Dengue is endemic in the US territories of Puerto Rico and the US Virgin Islands. In 2010, Puerto Rico experienced the largest outbreak when more than 12,000 cases were confirmed. Incidence remained high in subsequent years, particularly in 2012 and 20131,2. Dengue represents a health and economic burden in Puerto Rico with total annual associated costs reaching an estimated $160.2 million.3
“Sanofi is committed to reducing the global burden of dengue,” said Dr. David Greenberg, Regional Medical Head North America, Sanofi Pasteur. “The vaccine has been evaluated in studies involving more than 40,000 people from 15 countries around the world with up to six years of follow-up data from large-scale investigations that included Puerto Rico as a study site.”
People can get dengue up to four times and dengue is unique in that the second infection tends to be worse than the first. This means that prevention of re-infection with another dengue serotype can help to reduce the individual risk of severe dengue, as well as the overall healthcare costs associated with hospitalization due to dengue.

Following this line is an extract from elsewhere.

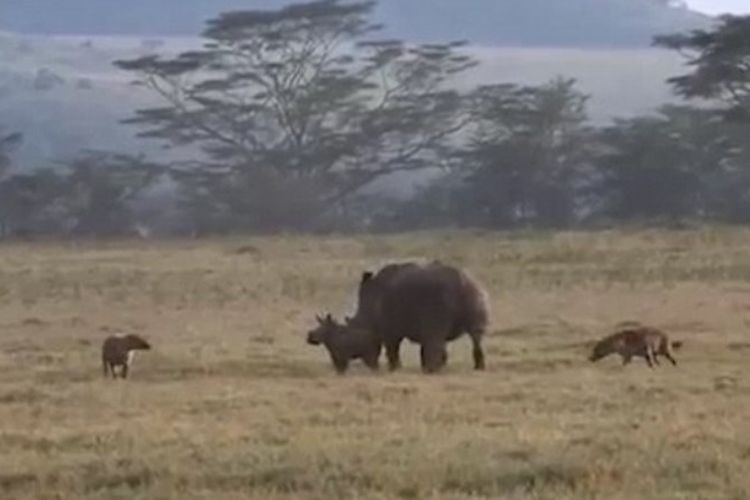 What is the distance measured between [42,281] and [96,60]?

The vaccine, known as Dengvaxia® in countries where it is approved, remains the only vaccine available for the prevention of dengue. The European Commission is expected to grant marketing authorization for Dengvaxia in December 2018.
SNY is not a good setup right now. The gap up doji has extended prices to far to the upside and to high above a support area. For a good entry it is better to wait for a consolidation.